**THE RECORDS:**
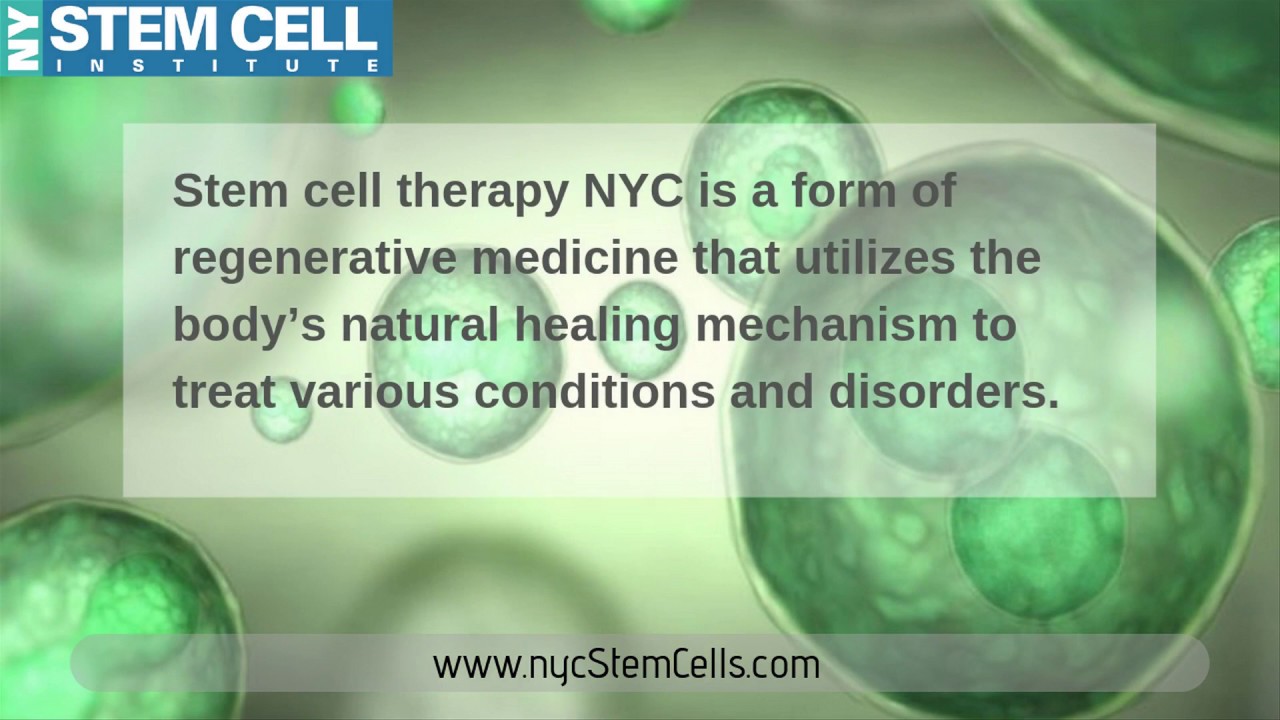 Stem Cell Therapy NYC | NYC Stem Cells | NYC Stem Cell Institute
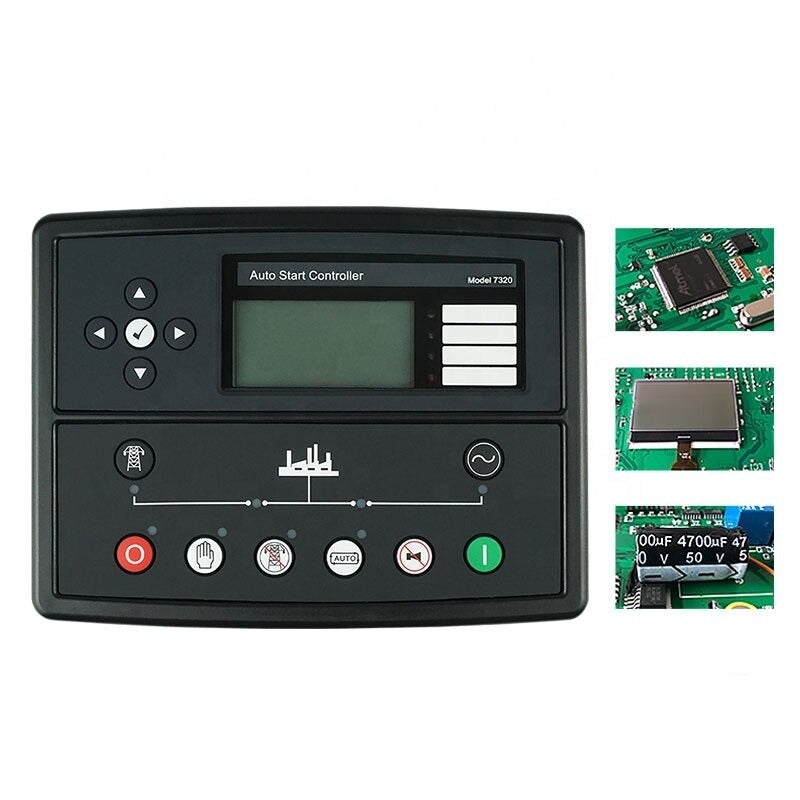 Geneset Controller DSE7320 Auto Start Generator Control Module DSE 7320 Electric Ats Controller Panel 7320 Remote Unit Set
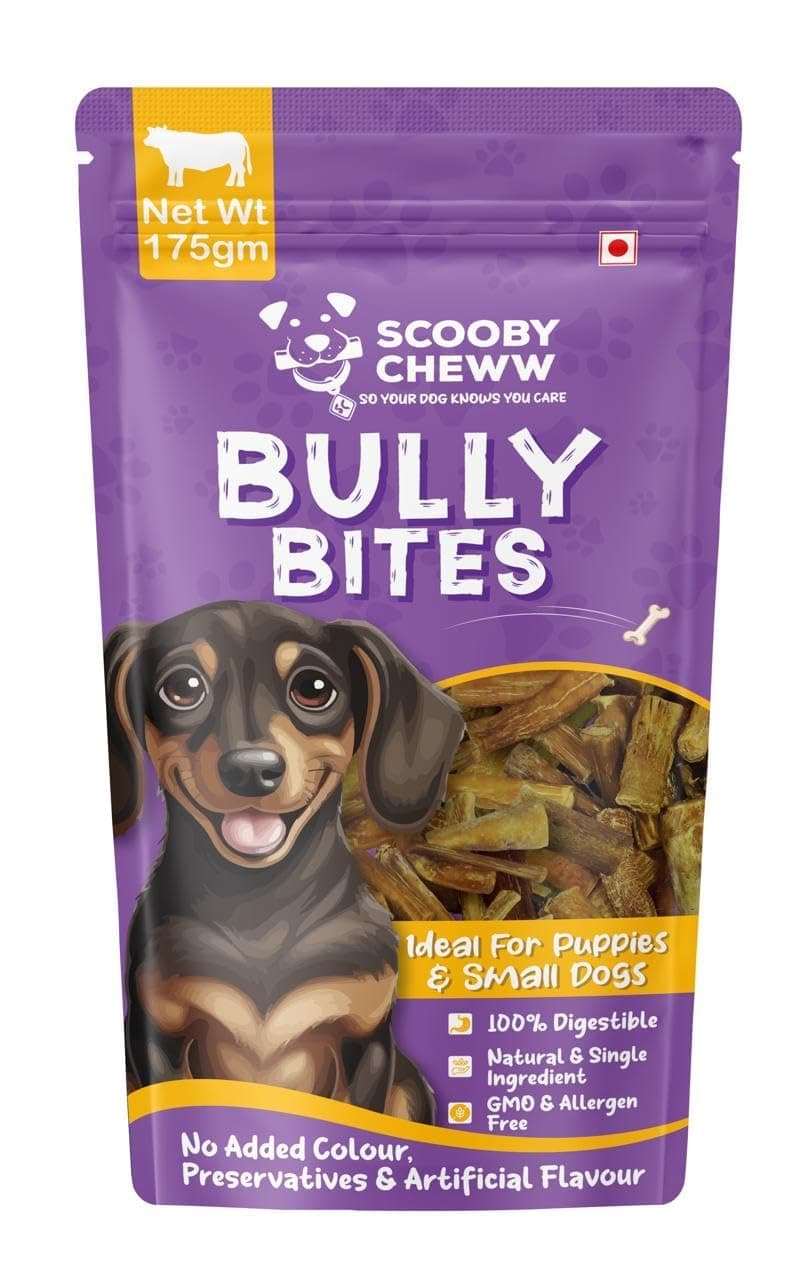 Scooby Cheww Organic Dried Bully Chew Thick Sticks 100% Natural Protein Rich ...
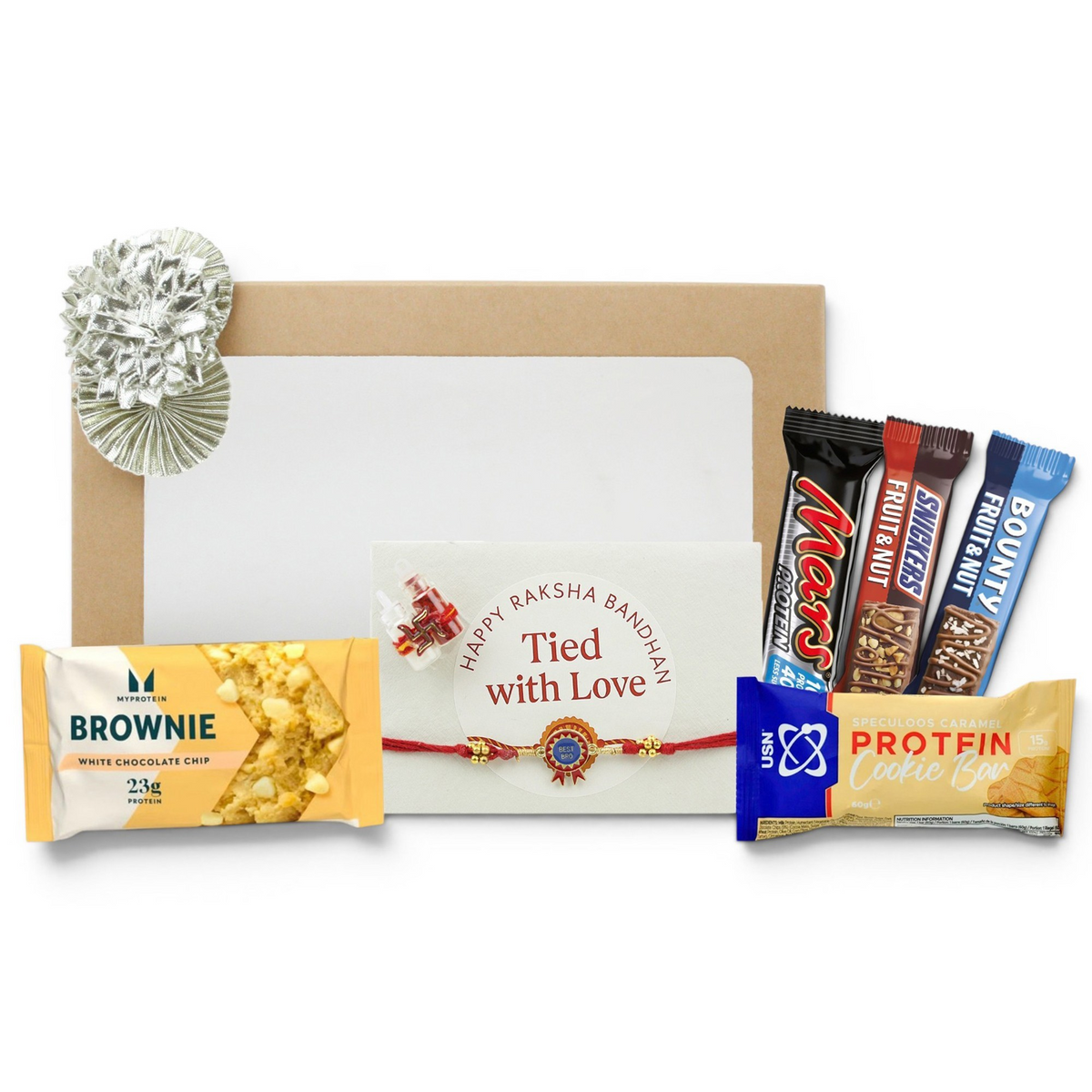Emartbuy Rakhi Gift Hamper — Protein Bars and Best Bro Band for Brother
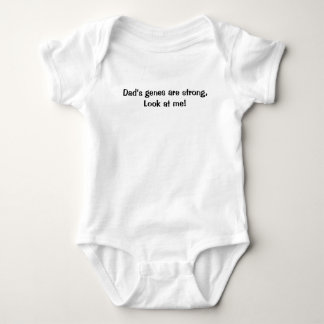 Die Gene des Vaters sind stark - Funny Baby Bodysu Strampler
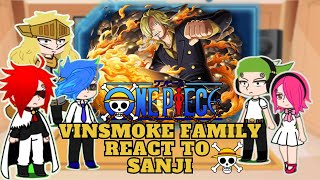 ONEPIECE Vinsmoke Family react to SANJI SANJI IS A GERMA 😳😱 onepiece fypシ viral gacha [upl. by Phillane]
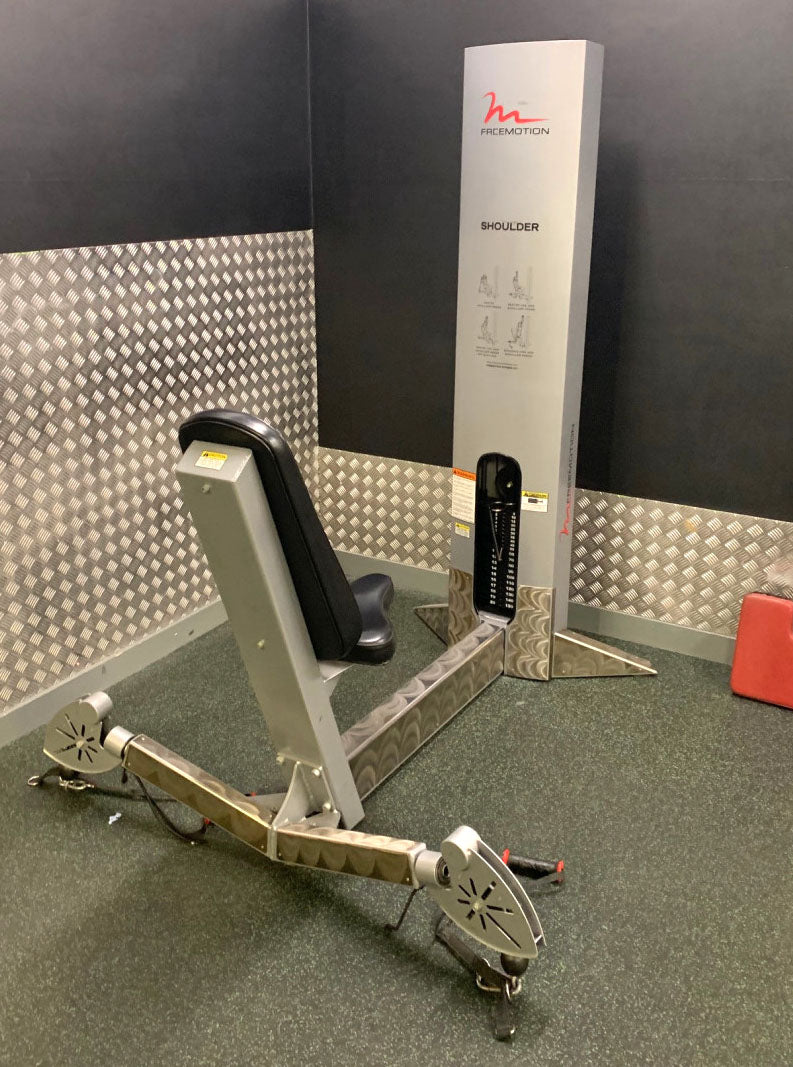 FreeMotion Set 18 Kraftgeräte, Epic Serie und Genesis Cable Motion, 1A Biomechanik, Ähnlich Hoist, gebraucht - überholter Zustand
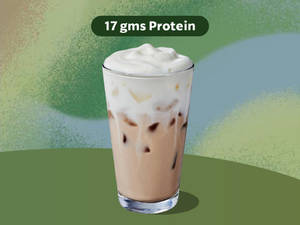 Tall Iced Vanilla Latte with Vanilla Protein Foam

**WHAT IS NEEDED:**
What you return must match the lines above from the one with "Scooby Cheww Organic" through the one with "FreeMotion Set 18" exactly, with both ends included and the pictures excluded.

**ANSWER SPACE:**
 Scooby Cheww Organic Dried Bully Chew Thick Sticks 100% Natural Protein Rich ...
Emartbuy Rakhi Gift Hamper — Protein Bars and Best Bro Band for Brother
 Die Gene des Vaters sind stark - Funny Baby Bodysu Strampler
 ONEPIECE Vinsmoke Family react to SANJI SANJI IS A GERMA 😳😱 onepiece fypシ viral gacha [upl. by Phillane]
 FreeMotion Set 18 Kraftgeräte, Epic Serie und Genesis Cable Motion, 1A Biomechanik, Ähnlich Hoist, gebraucht - überholter Zustand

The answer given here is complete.